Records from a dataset
+++

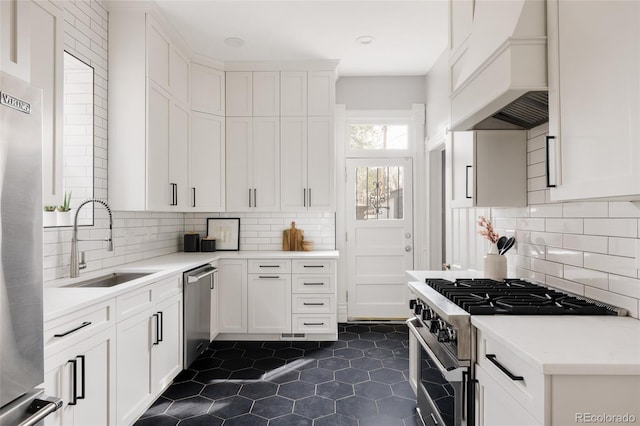 kitchen with appliances with stainless steel finishes, decorative backsplash, a sink, and custom range hood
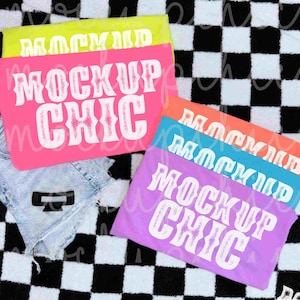 May include: A collection of colorful mockups, including pink, yellow, orange, blue, and purple, each displaying the text "MOCKUP CHIC" in a bold, white font. The items are arranged on a black and white checkered surface.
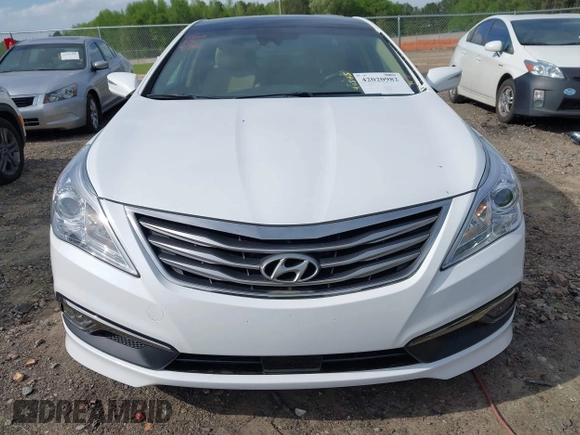 2017 Hyundai Azera Limited with VIN KMHFH4JG8HA591542, listed as a IAAI auction lot 42020982 with 75,174 mi miles and . Bid and sale history available at carsss.com. Image 13.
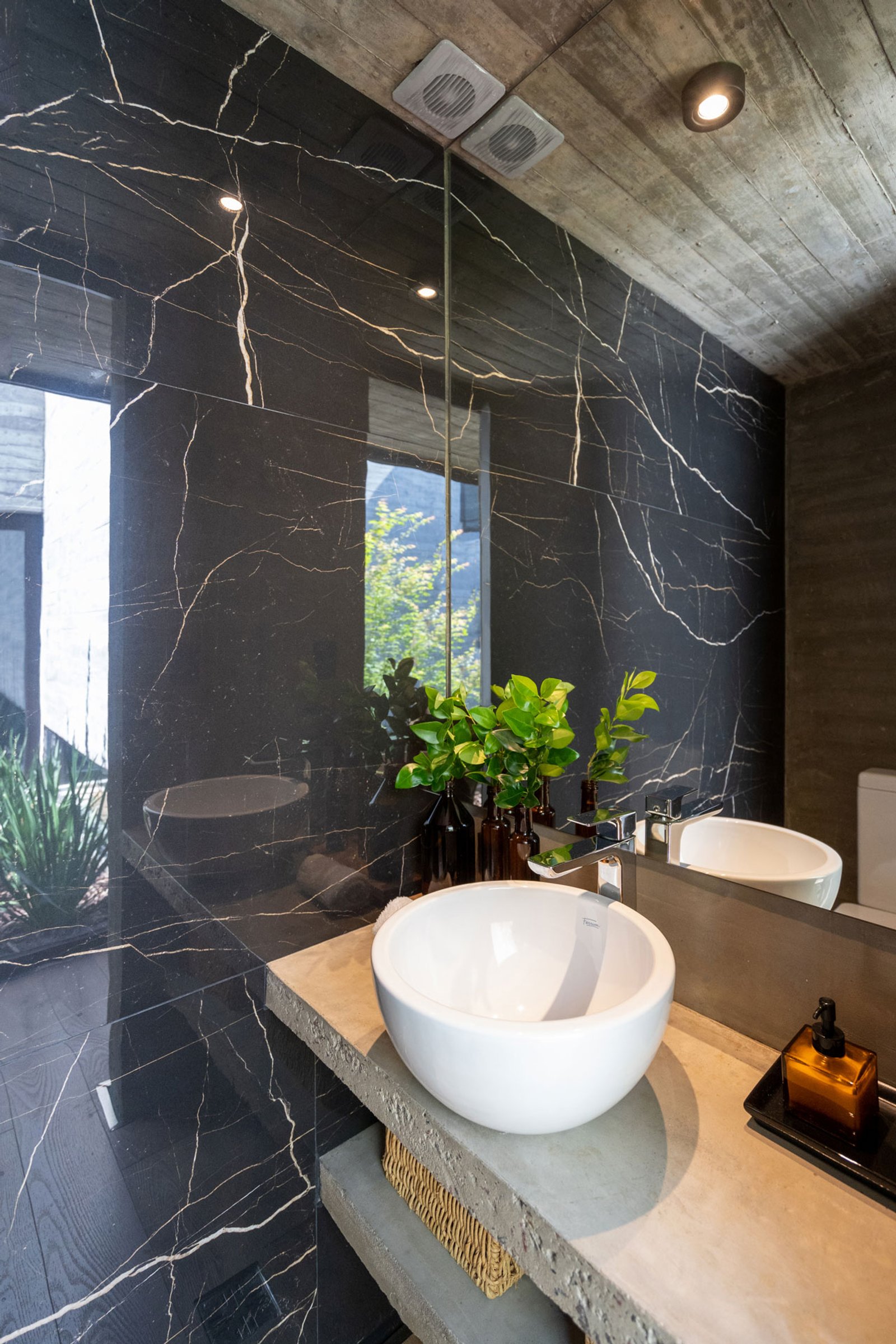 Baño moderno con paredes de mármol negro y detalles de cemento — proyecto Casa Tres Patios, por Besonías Almeida arquitectos, en Pilar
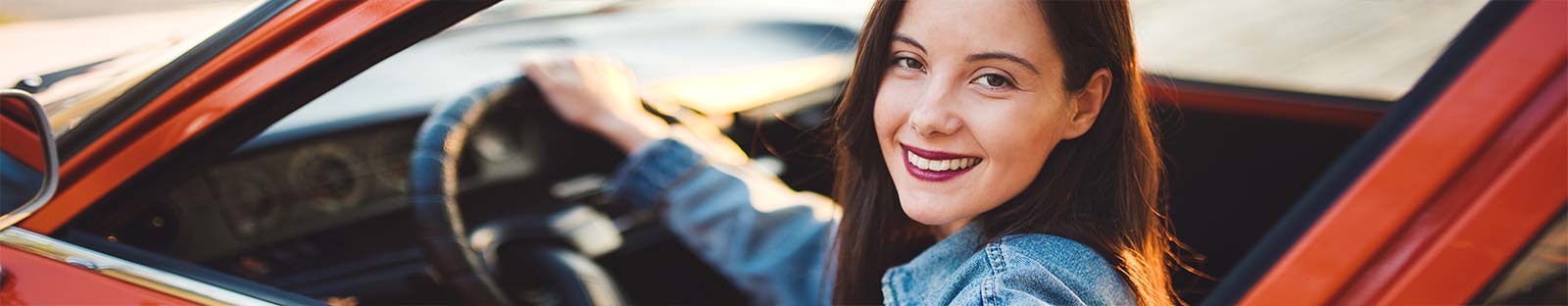 Woman in red car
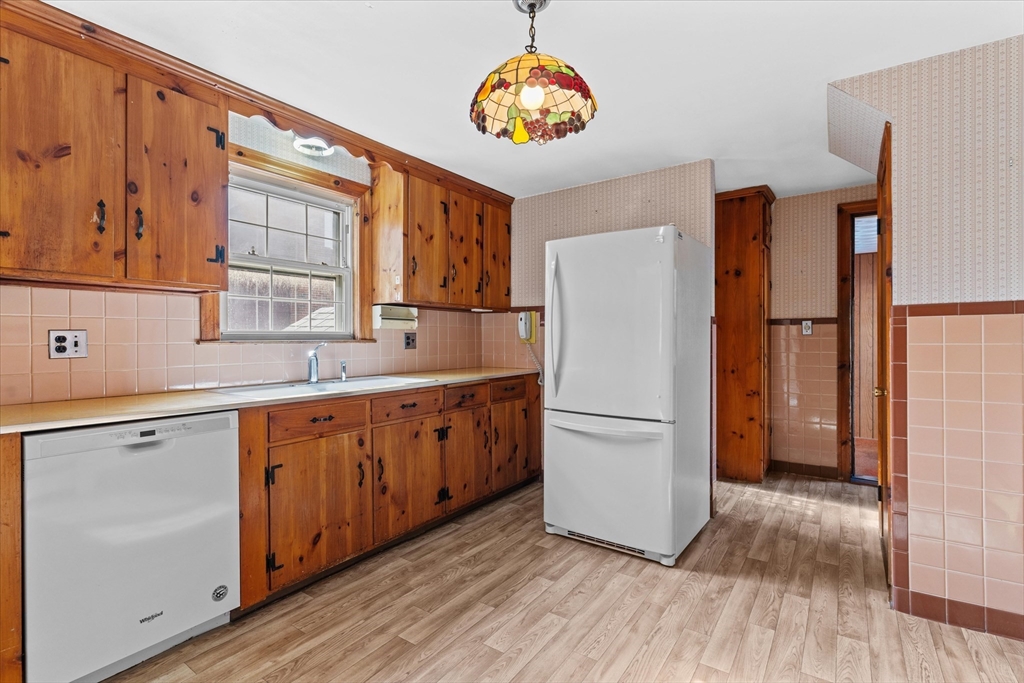 9 Pershing Road Salem, MA 01970 - Photo 12 of 42 a kitchen with stainless steel appliances granite countertop a refrigerator sink and wooden cabinets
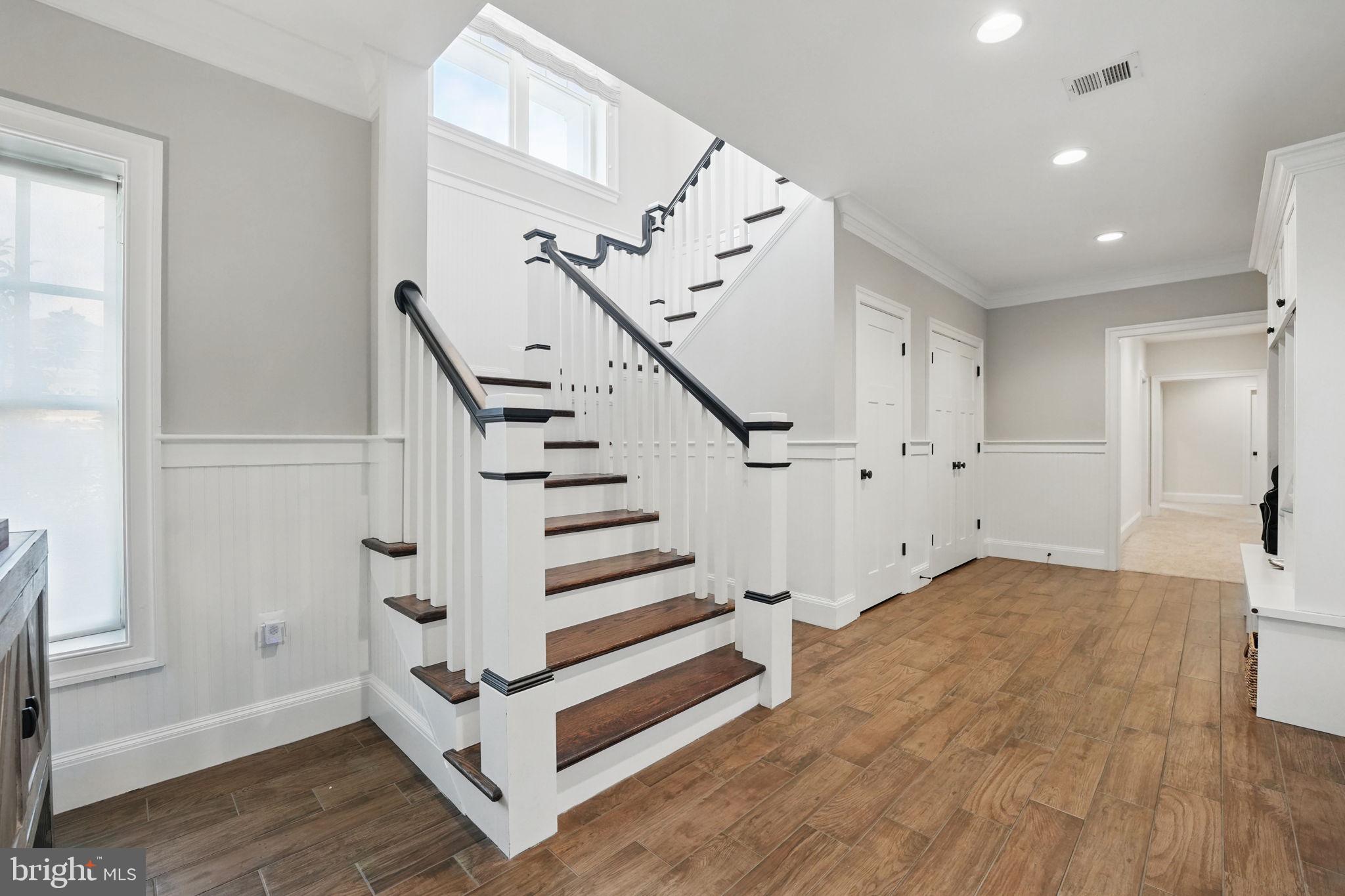 6645 Byrns Place McLean, VA 22101 - Photo 47 of 64 a view of entryway with wooden floor and stairs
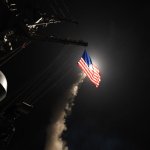 American ship launches cruise missile at night behind US flag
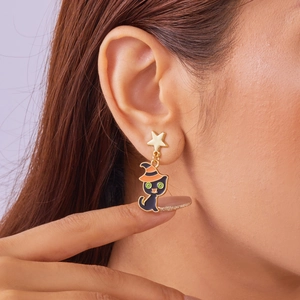 Detail of Halloween witch cat drop earring worn by model showing sizing and festive look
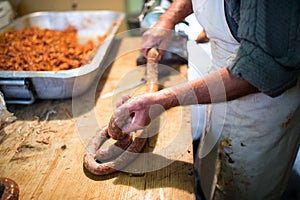 Man making sausages the traditional way using sausage filler.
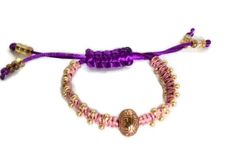 Beaded macrame bracelet with adjustable clasp. This is a stackable bracelet, you can wear it with other type of bracelets, the more the merrier, it will give that boho-chic style, with a sliding clasp. This beauty was made using the macramé technique. It was made with purple nylon cord and pink/salmon S-Lon cord, using the flat knot with golden tone (6/0) metal beads incorporated to the sides of the wrap; the focal point is a golden tone metallic bead. The result is an elegant, one-of a kind bra Beaded Macrame Bracelet, Lily Bracelet, Beaded Macrame, The More The Merrier, Handmade Beauty Products, Macrame Bracelet, Handmade Macrame, Stackable Bracelets, Macrame Bracelets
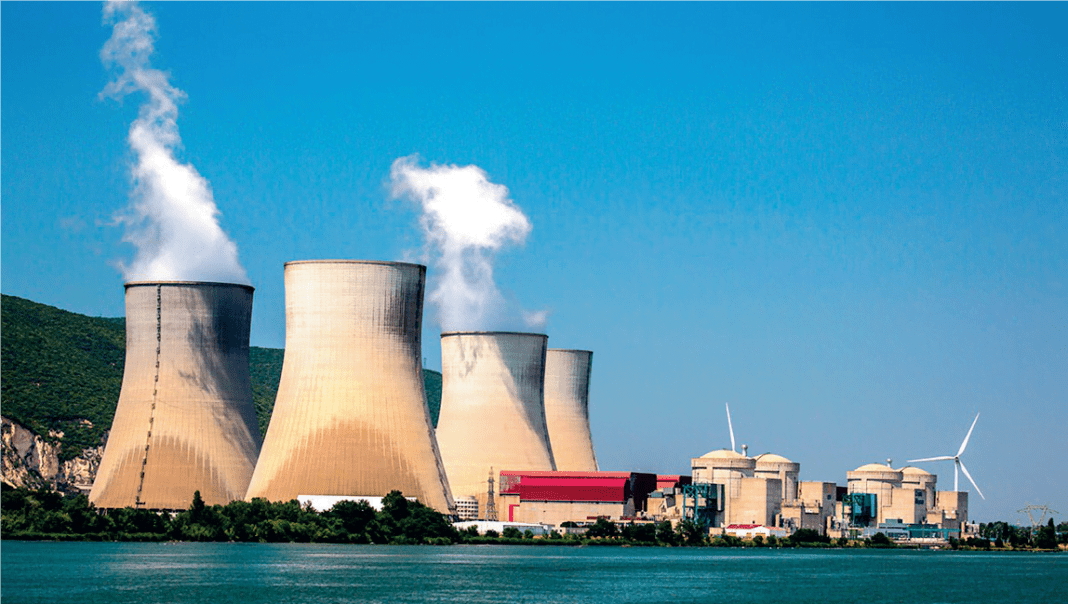 Le Maroc rayonne dans le nucléaire : Un avenir énergétique lumineux selon l’AIEA Centrale nucléaire avec tours de refroidissement et éoliennes au Maroc.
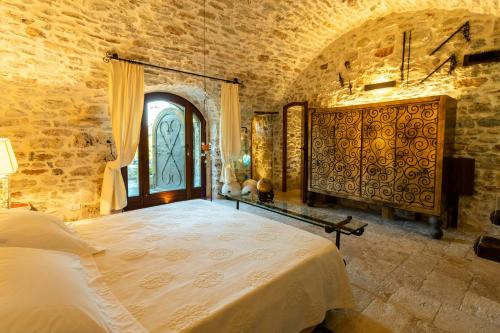 a bedroom with a large bed in a stone wall at Medieval Tower In Sibillini Mountains Park in Vetice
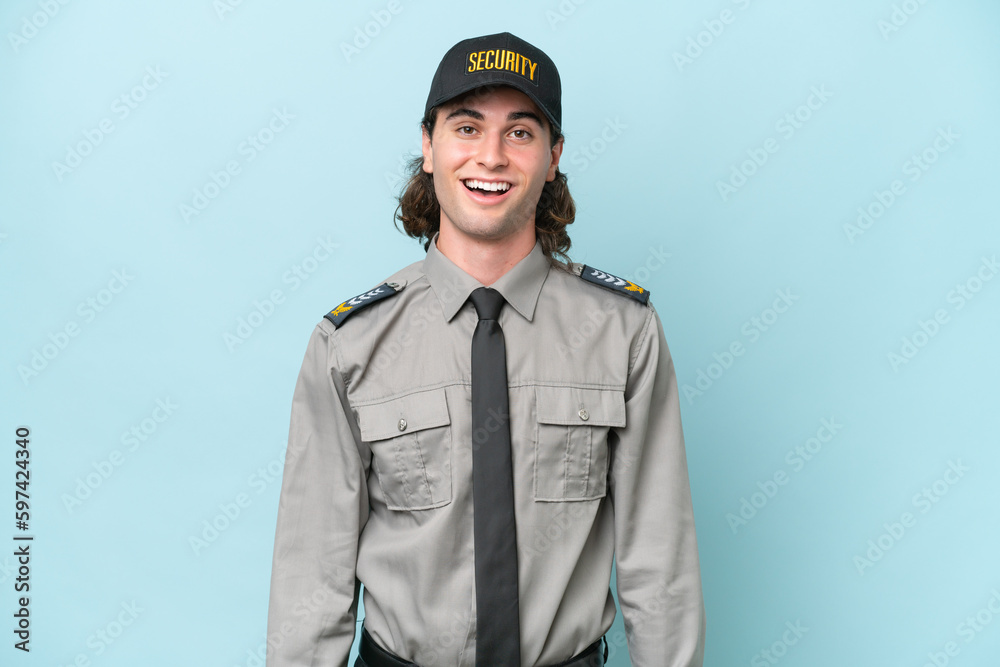 Young safeguard man isolated on blue background with surprise facial expression Young safeguard man isolated on blue background with surprise facial expression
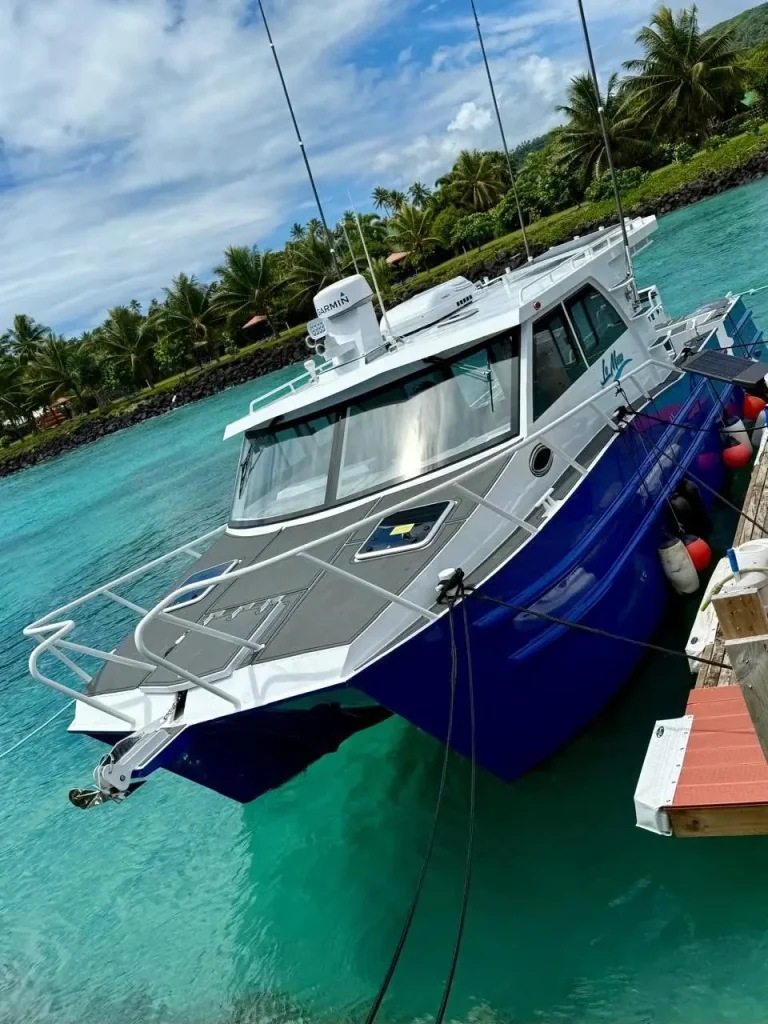 Bow of a blue plate aluminium boat on turquoise water
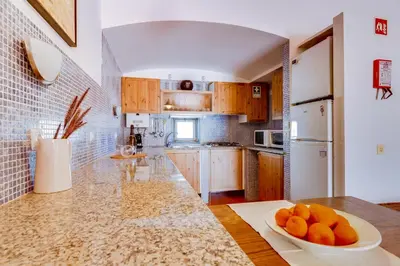a kitchen with a bowl of oranges on a counter at Volta da Vinha, 3bdr Private Vila in Vilamoura in Vilamoura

+++

▶ Exercise brief: Your answer must be the exact lines from the start of the data through the line with "Woman in red car", inclusive, and nothing else; pictures do not belong in it.

▶ Reply to the exercise:
 kitchen with appliances with stainless steel finishes, decorative backsplash, a sink, and custom range hood
 May include: A collection of colorful mockups, including pink, yellow, orange, blue, and purple, each displaying the text "MOCKUP CHIC" in a bold, white font. The items are arranged on a black and white checkered surface.
 2017 Hyundai Azera Limited with VIN KMHFH4JG8HA591542, listed as a IAAI auction lot 42020982 with 75,174 mi miles and . Bid and sale history available at carsss.com. Image 13.
 Baño moderno con paredes de mármol negro y detalles de cemento — proyecto Casa Tres Patios, por Besonías Almeida arquitectos, en Pilar
 Woman in red car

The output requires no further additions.